§ **ASSIGNED TASK**: For the material below, reproduce exactly each line from the one that has "Scenic Rock Garden" through the one that has "PAWTY HAT - Green number", and no others; pictures stay out.

§ **RECORD EXCERPTS**:

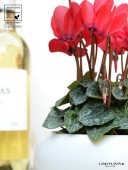 <br><br>�����ǥ󥷥�����ʥ�åɡ� �� ��� ƫ��ȭ ��ŷ�����С������� <br>�������� ������ӥХʡ����в֡� �֥��Υޥ󥸥奦���ڤ��Ƭ�� <br>�� ���� ���� ȭ�� ȭ���� ���� <br>�ֲ� �� ��å� �� �ۥ磻�� �� �饦��� ���տ�ʪ ����̵��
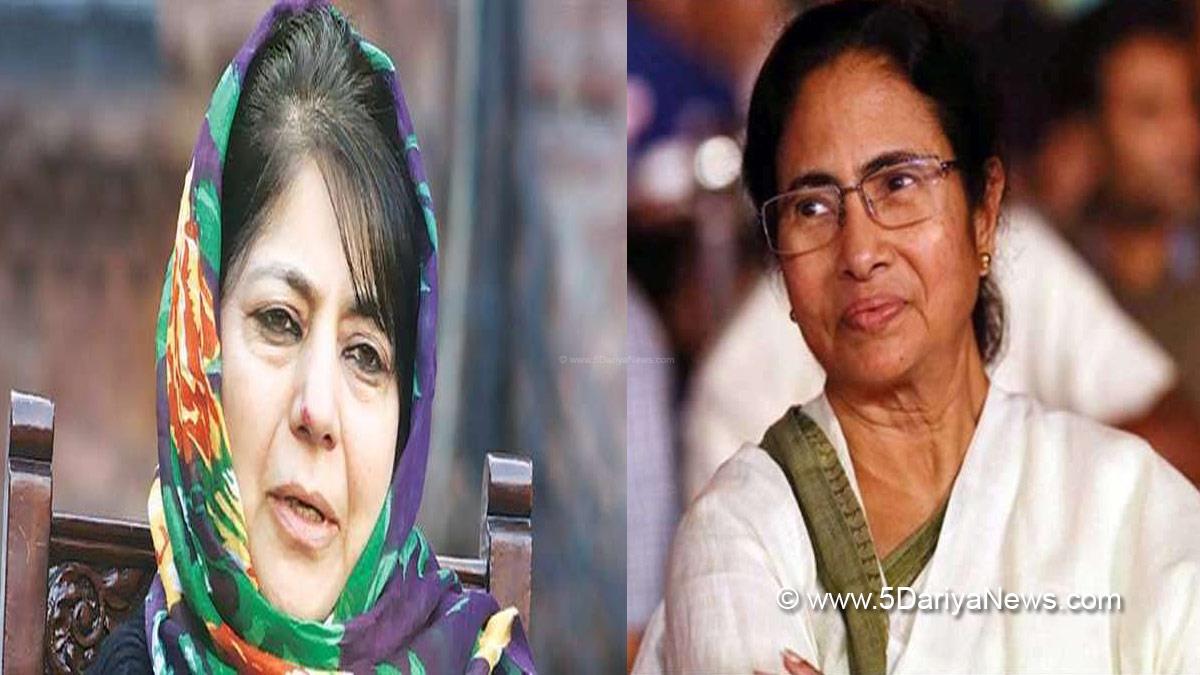 Mehbooba Mufti Vice President Candidate, Vice President Elections, Vice President Elections 2022, Mamata Banerjee On Mehbooba Mufti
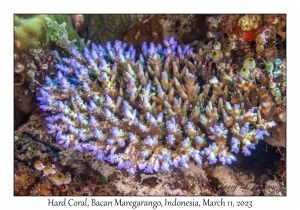 Hard Coral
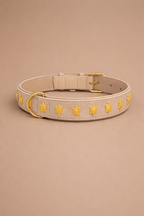 URBAN no.01 - Hundehalsband mit Schildkröten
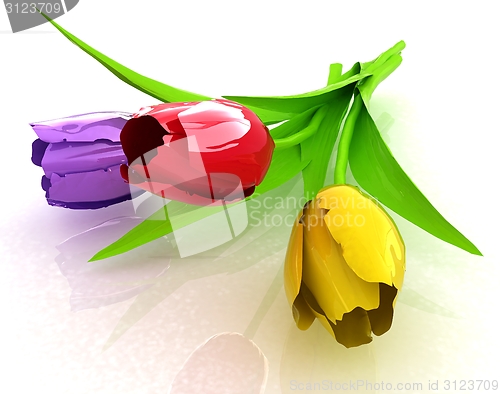 Image of Tulip flower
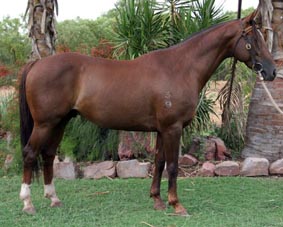 SIRE OF DAM - RIVERVIEW TOPFIRE. FULL BROTHER to RIVERVIEW SNOWY, RIVERVIEW SNOWETTE, RIVERVIEW SNOWMAN.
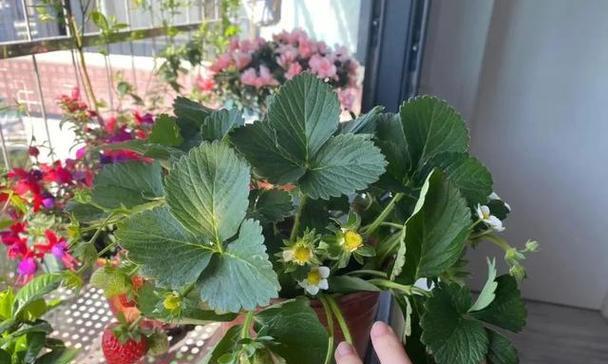草莓苗修剪完全指南（草莓苗修剪的时间、方法和注意事项）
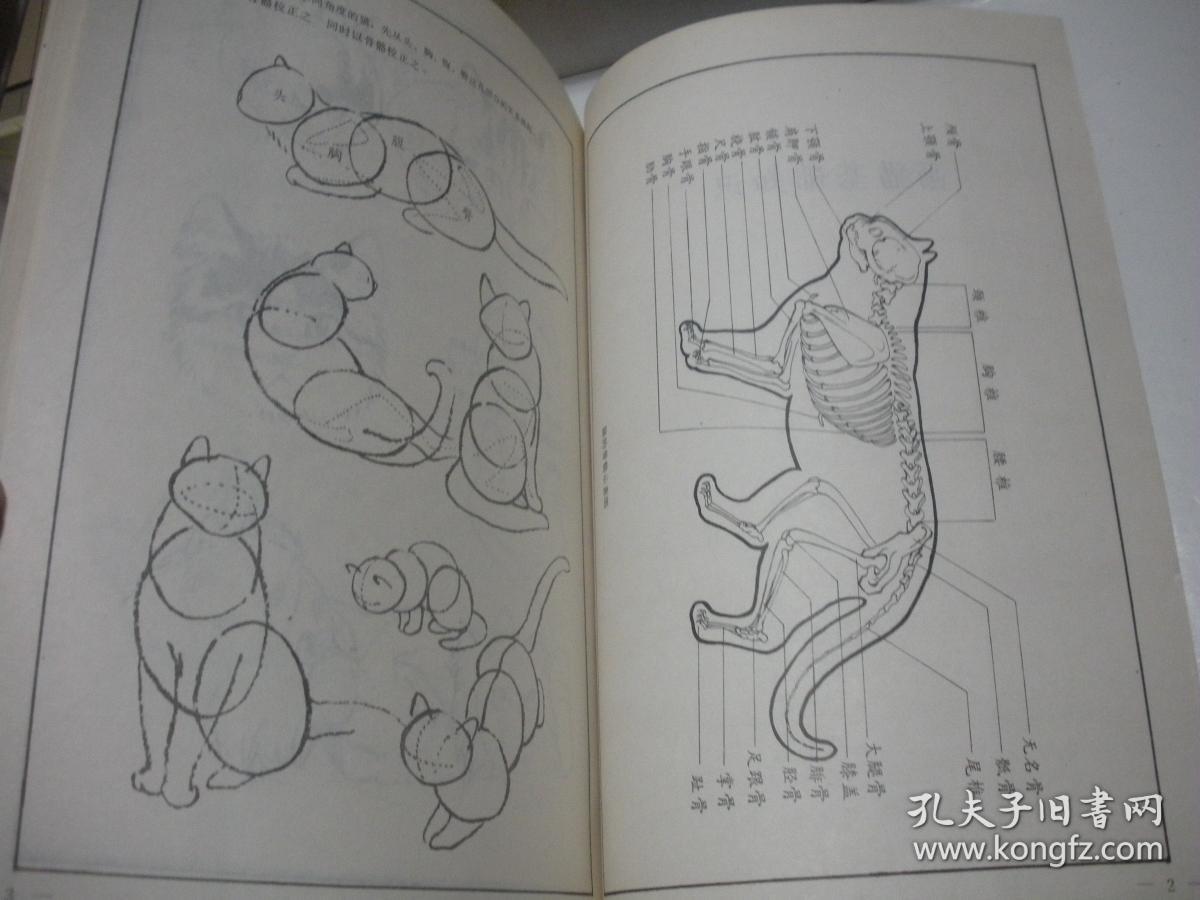 百猫谱 天津人民美术出版社 1990年2印,16开.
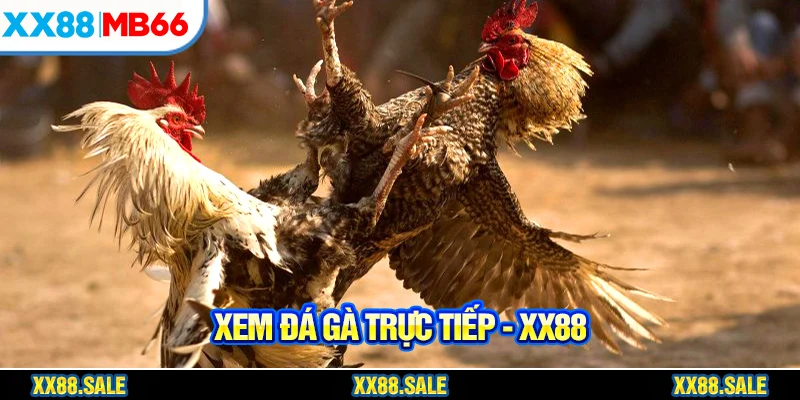 xem đá gà trực tiếp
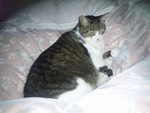 布団の上に猫 布団の上に猫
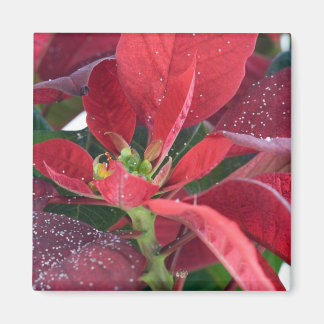 Aimant Poinsettia rouge -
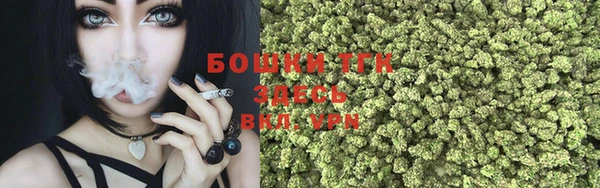 мдпв Билибино
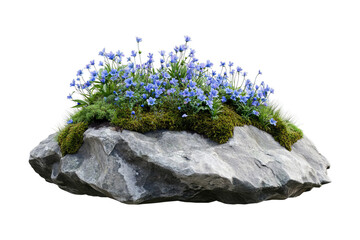 Scenic Rock Garden with Blue Wildflower Cluster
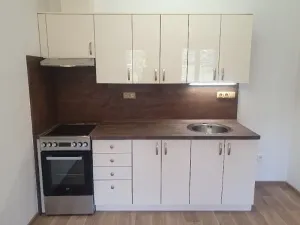 Pronájem bytu 2+kk, Jihlava, F. X. Šaldy, 56 m2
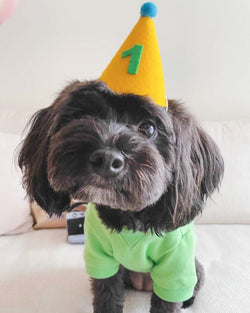 PAWTY HAT - Green number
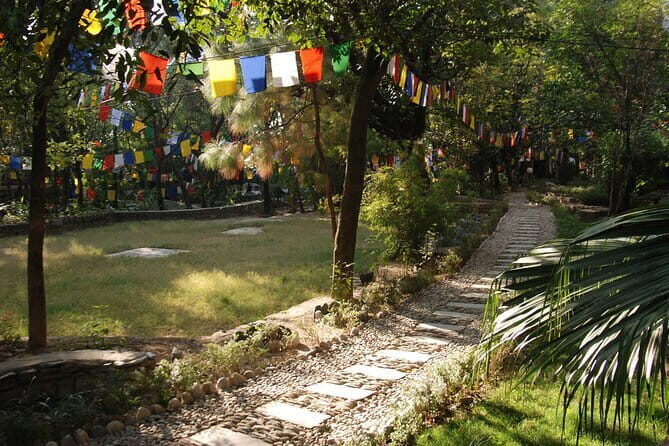 Guided 6 hrs Dharamshala's Tibetan monasteries & Nunnery tour - Namgyal Monastery: where Tibetan art and the Dalai Lama’s tradition set the tone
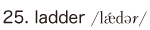 25. ladder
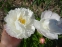 Пион "Гардения" (Paeonia "Gardenia") - 3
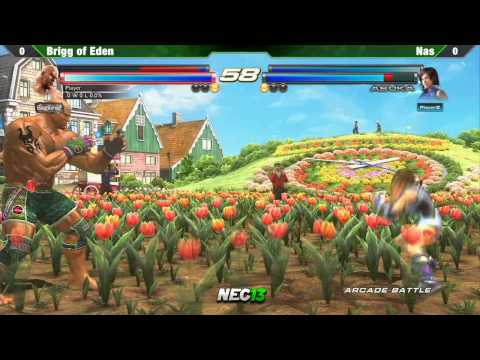 Nas vs Brigg of Eden - NEC13 TTT2 Singles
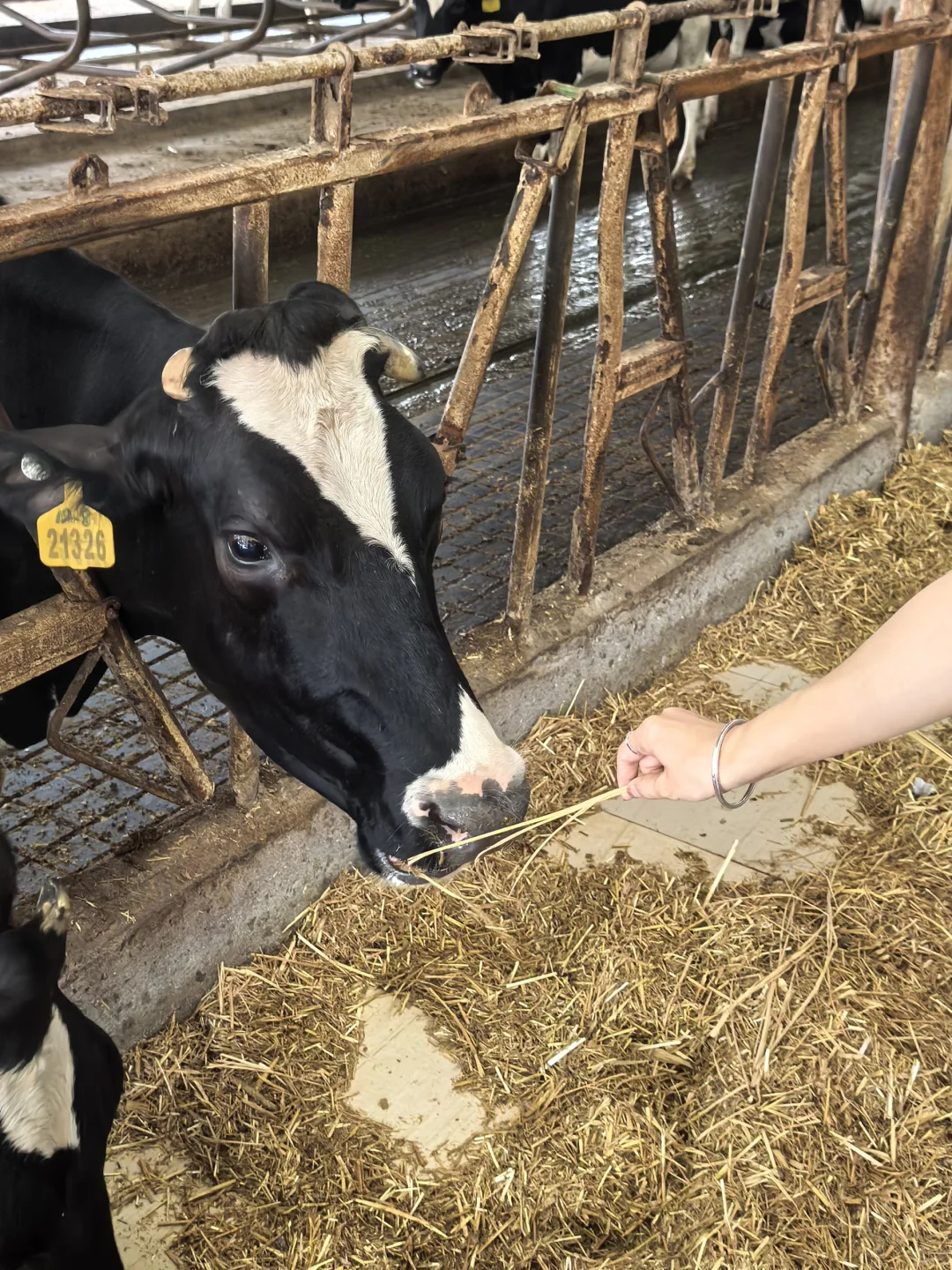 牛马也是喂上?了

§ **TASK SOLUTION**:
 Scenic Rock Garden with Blue Wildflower Cluster
 Pronájem bytu 2+kk, Jihlava, F. X. Šaldy, 56 m2
 PAWTY HAT - Green number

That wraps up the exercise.